Can a song be site study, ritual, and sketchbook at once? Minor Gestures is an extended folk session staged in Glasgow – “in mystical locations around the Govan Stones, River Clyde, and underground streamlets.” Stylistically, the album oscillates between folk, drone, and improv. Musician Susannah Stark treats field recordings of birdsong and water as both backdrop and active collaborator.
Her voice – often more incantation than melody – rubs against modular synth samples, harmonium, trumpet, and accordion. She sings in Scottish Gaelic. Given the vanishingly small number of speakers, this feels less born of a living linguistic practice and more like an aesthetic decision (tellingly, Stark credits a language consultant in the liner notes). This gesture binds the album to the past – an absent, inaccessible past.

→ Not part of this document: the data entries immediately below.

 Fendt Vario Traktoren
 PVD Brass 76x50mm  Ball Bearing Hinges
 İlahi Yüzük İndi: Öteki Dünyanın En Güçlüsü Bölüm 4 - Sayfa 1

Here, folk isn’t the celebration of an identitarian heritage; it’s the mourning of something that perhaps never existed. Accordingly, Minor Gestures sits close to experimental music and art pop. At times Stark sounds as delicate as Julia Holter (»Caochan«), as solemn and sustained as Lankum (»Trì stiùirichean«), only to unsettle like Tanya Tagaq (»Ordinary Day«).
It’s a heterogeneous listening experience: songs surface, stagger, fade. Some remain sketches. Minor Gestures proves that even small gestures can make a landscape sing.